Whatever Sharon said or did not say (there are various claims) about the circumstances leading to the Six-Day War, this is what happened: While it's true that water resources was one of the factors in increasing tension between Israel and its Arab neighbors especially with Syria which had begun diverting water from the Jordan River in retaliation for Israel's tapping the Jordan River by canal for irrigation of the Southern Negev desert, the Six-Day War was not a war about water. This war — the third major Arab-Israeli conflict — was in a sense a continuation of the first two wars. Broadly speaking, the causes of the fighting in 1967 overlapped with the causes of fighting in 1948 (Arab rejection of Israel) and 1956 (continued rejectionism and an Egyptian blockade of shipping to Israel).

Specifically, the war stemmed from Egypt's decision to expel United Nations troops from the Sinai peninsula and blockade Israel's port of Eilat, under international law a casus belli, or act of war, in addition to belligerent Arab threats to destroy Israel. Much of the above could be traced to Soviet meddling and misinformation.

Israel was not the aggressor in the 1967 War. By June 4, a military alliance of Egypt, Syria, Jordan and Iraq mobilized nearly 250,000 troops, 2,000 tanks and 700 aircraft on its borders. After weeks of Arab threats and aggression, Israel - a country the size of New Jersey with a population then of about 2 million - pre-empted encirclement with strikes against Egyptian and Syrian forces.

Did the Arab encirclement mean war? In 1964, Egyptian President Gamal Abdel Nasser declared that "the danger of Israel lies in the very existence of Israel." Syria simultaneously shelled Israeli farms and towns from the Golan Heights. Syrian attacks grew more intense in 1965 and 1966, as did Egyptian rhetoric. Mr. Nasser stated, "[W]e aim at the destruction of the state of Israel." Arab terrorist infiltrations and attacks against Israel increased.

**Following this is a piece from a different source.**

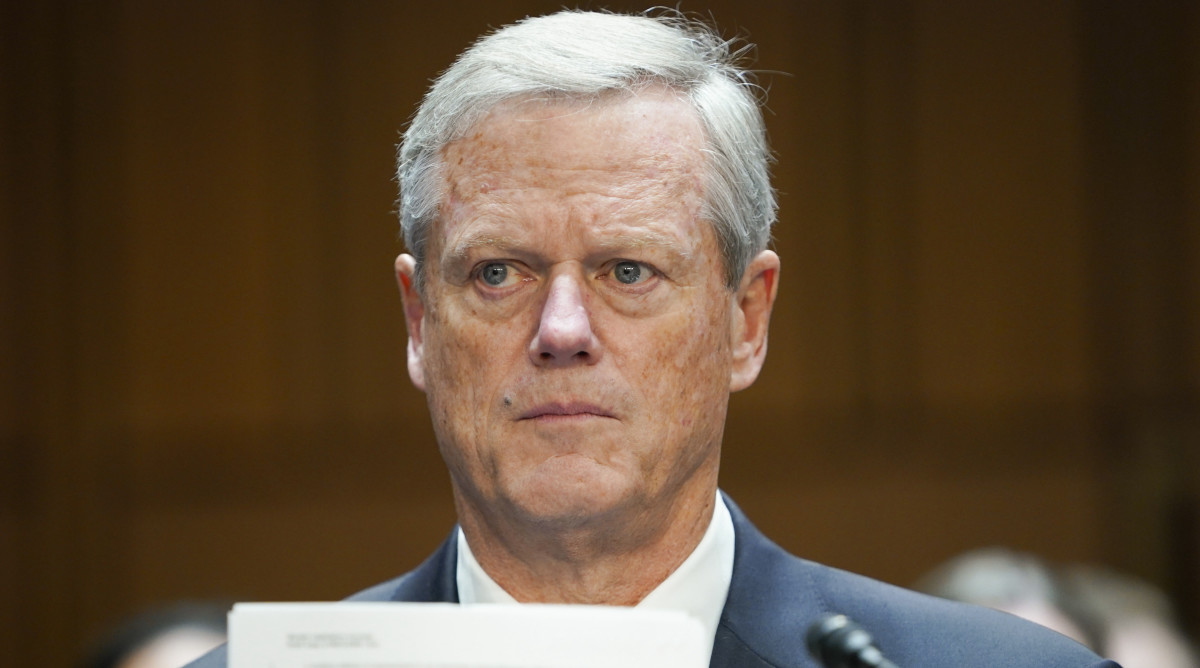 NCAA President Charlie Baker before the start of the Senate Judiciary Committee hearing on Name, Image, and Likeness, and the Future of College Sports in October 2023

By May 1967, Egypt expelled U.N. peacekeeping personnel from the Sinai Peninsula. On May 20, Syrian Defense Minister Hafez al-Assad stressed that "the time has come to enter into a battle of annihilation." On May 22, in an act of war, Egypt closed the international Straits of Tiran to Israeli shipping. On May 28, Mr. Nasser declared that "we will not accept any ... coexistence with Israel." Israeli forces, after being on high alert for three weeks waiting futilely for international diplomacy to resolve the threat, attacked on June 5. The reason for attacking? To preempt potential annihilation.

Narrator teams up with Palestinian to warn Israel
 
The segment concludes with propagandistic warnings of Palestinian violence against the Jewish state: “The Palestinian people will not keep silent forever. If the Israelis continue their unwise policy, they will pay very high price. That is more violence” (Abdel Rahman Tamimi).
 
Narrator: “The conflict here is a warning of what can happen when one population controls the water of another.”
 
The fact that National Geographic is in step with Palestinian anti-Israel propaganda should come as no surprise considering previous NG biased reports.
 
Viewers should have been informed that Israel has greatly benefited the West Bank Arabs access to water. A widely acclaimed scholarly book shows that “In June 1967, only four of the West Bank's 708 cities and towns had running water” and “scarcely ten percent of the West Bank population ... were connected to a modern plumbing system.” Now, 96 percent of Palestinian Arabs in the West Bank have “running water piped to their homes.” (Let There Be Water, Seth Siegel [businessman, lawyer, member of the Council on Foreign Relations], St. Martin's Press, 2015).